Me gustaría ir transitando por la vida, rodeado de los hijos del volcán, de una tribu de estas dimensiones, de esta disciplina y de esta manera que tenían de ver la vida muy elemental. De pronto me sentiría bastante protegido en medio de ellos. Quizá la idea de inventar esta tribu, puesto que estamos hablando de una obra de ficción, es que me gustaría que existiera en las faldas de este volcán los hijos del volcán.
—Tú naciste en la La Portuguesa, en Veracruz, al igual que Tikú, el personaje central. ¿Qué tanto de tu infancia empleaste para alimentar tu novela?
—Mucho, mucho, todas las jerarquías en la plantación de café. Desde que era muy pequeño me di cuenta de esta injusticia atroz que vivimos en México. Es una injusticia especial que compartimos con muchos países latinoamericanos, porque la desigualdad económica existe en muchos países, pero en México tiene la particularidad de que tiene que ver con la diferencia del aspecto de las personas.
Si tienes un aspecto indígena tendrás muchas menos oportunidades de todo tipo, económicas, profesionales, sociales, que si naces con un aspecto más o menos europeo. Si naces europeo tendrás más oportunidades aún cuando seas más tonto que tu colega indígena que no va a tener ninguna oportunidad.
Este es el gran problema de nuestro país y me parece una atrocidad. Cuando era niño viví esto de manera muy intensa. Era parte de la zona privilegiada de una parte del país, donde la gente vive sin ningún privilegio. No quiero decir que tuviera muchos privilegios, no teníamos demasiado, éramos una familia de clase media, pero en comparación con las personas de las que nos rodeábamos, éramos unos privilegiados. En lugar de sentirme privilegiado, siempre me sentí muy mal con esta situación y probablemente durante varios libros y específicamente en este, estoy tratando de exorcizar ese demonio.
Esta situación toda la vida, desde niño, me ha hecho sentir muy mal y es algo en lo que pienso todo el tiempo. Cada que se habla de los problemas de México, que son muchos, estoy seguro que el problema central es este, la desigualdad a partir del aspecto que tienes. Me parece una cosa monstruosa y que llevará muchos siglos para lograr armonizar estos dos mundos. El país va a dos velocidades, esta velocidad del siglo XXI que vemos en la Ciudad de México, en Monterrey, en Guadalajara, en Tijuana, en Puebla, y luego esta zona del siglo XVI donde nací y sigue igual.
Hay muchos siglos de diferencia no solamente porque son zonas sin elevadores, sin automóviles, sin teléfonos móviles, sin red de internet, sino también por los usos y costumbres.
—Por último, Jordi, cuál cree que sea el principal obstáculo que enfrentan los personajes en la novela.
—Es un obstáculo que va en dos direcciones.
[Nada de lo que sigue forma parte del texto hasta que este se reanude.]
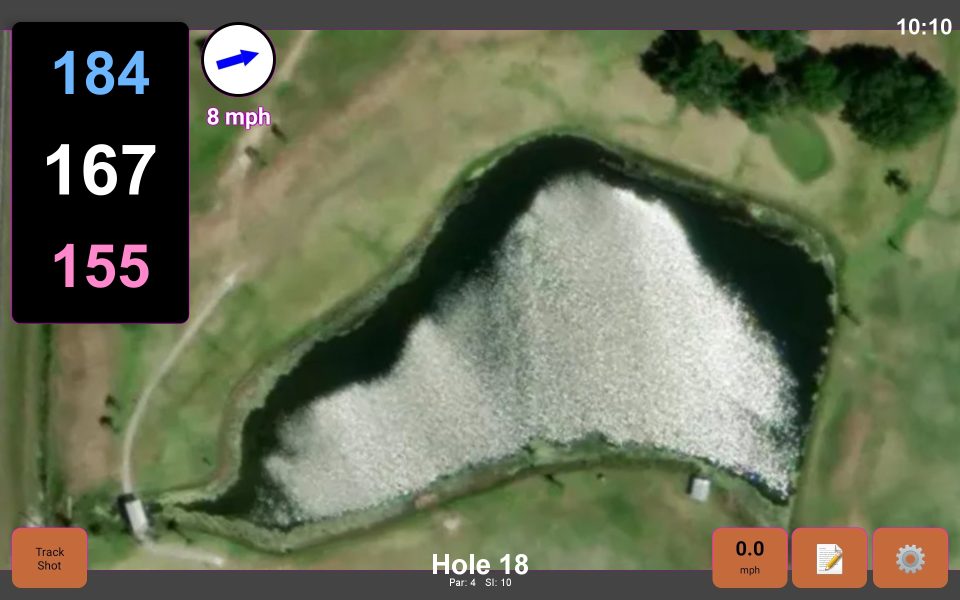 Hole preview 3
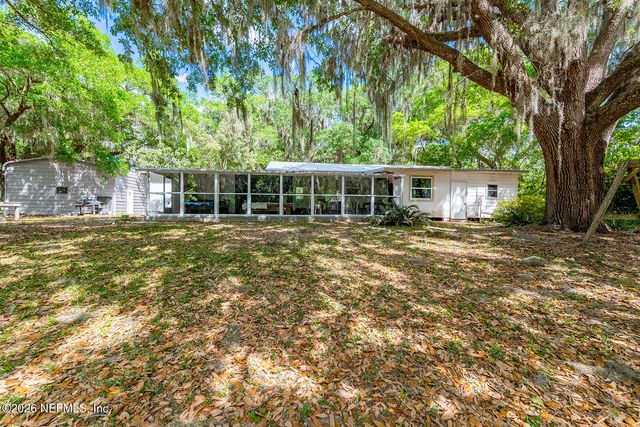 6308 ISLAND Road, Melrose, FL 32666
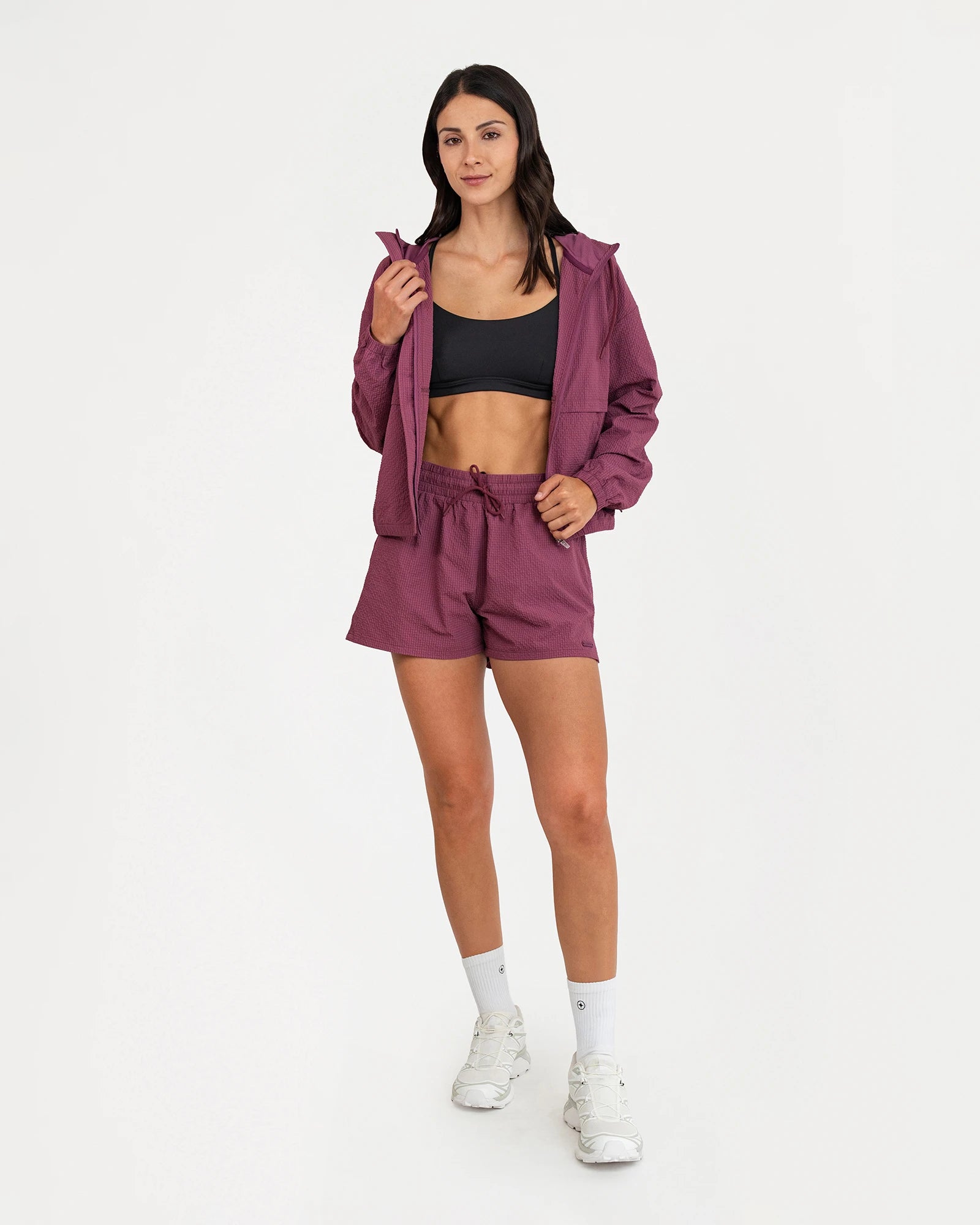 Hoodie MAJA® Mantra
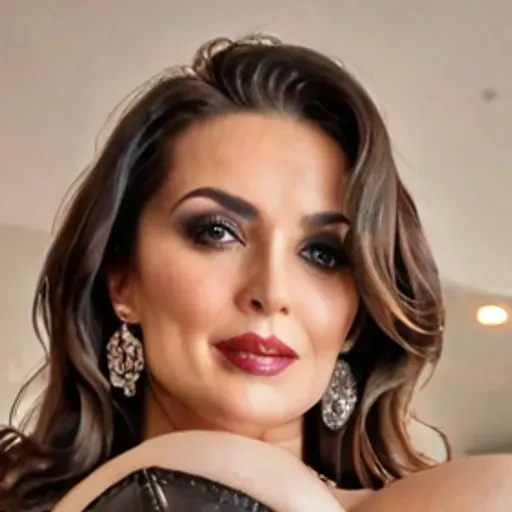 AI porn image generator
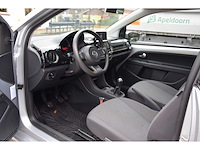 Volkswagen - 2014 - up! - 1.0 move up! bluem. - 1-tdx-44 - afbeelding 20 van  20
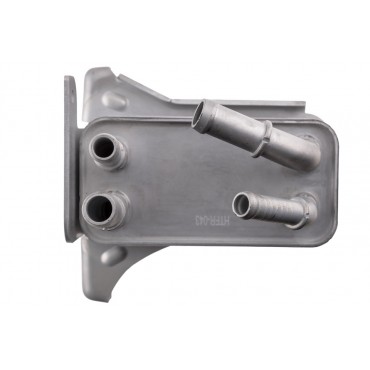 Radiateur d'Huile Moteur Pour Ford Fiesta VII H6BG7J389AF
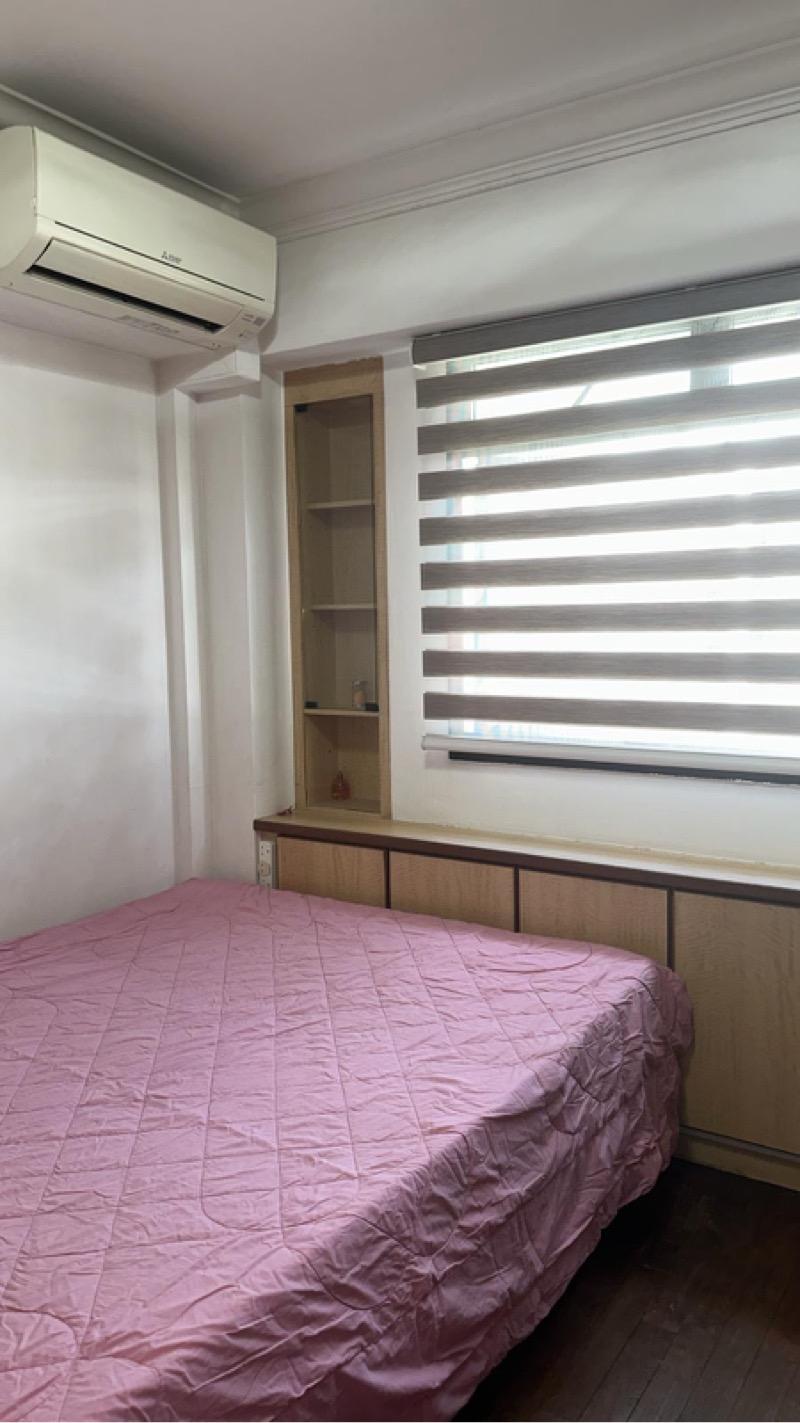 612 Jurong West Street 65 HDB Apartment Room Rental, $1,000, 1 Bed 193 sqft $5.18 psf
Los que han nacido en este círculo de miseria y tratan de salir de él, y lo tienen muy complicado; y los que han nacido en el círculo de los privilegios que tienen muy complicado explicar que quieren ayudar.
Por ejemplo, el dueño de la plantación de café en la novela ayuda a Tikú. Pertenece a un sistema de caciques de toda esa región y por más que quiere ayudarlos, que es distinto y tiene preocupación por los trabajadores de su cafetal, los trabajadores lo ven como un explotador igual que los demás. La tragedia es doble: la de los oprimidos y la de los opresores.
Esas son las dos fuerzas contrapuestas que articulan esta novela. La de los que tienen y la de los que no tienen, pero ninguno de los dos no acaba de establecer su discurso y el destino que quisieran. Quizás esta novela es justamente el choque, la colisión entre estos dos mundos que existen en México.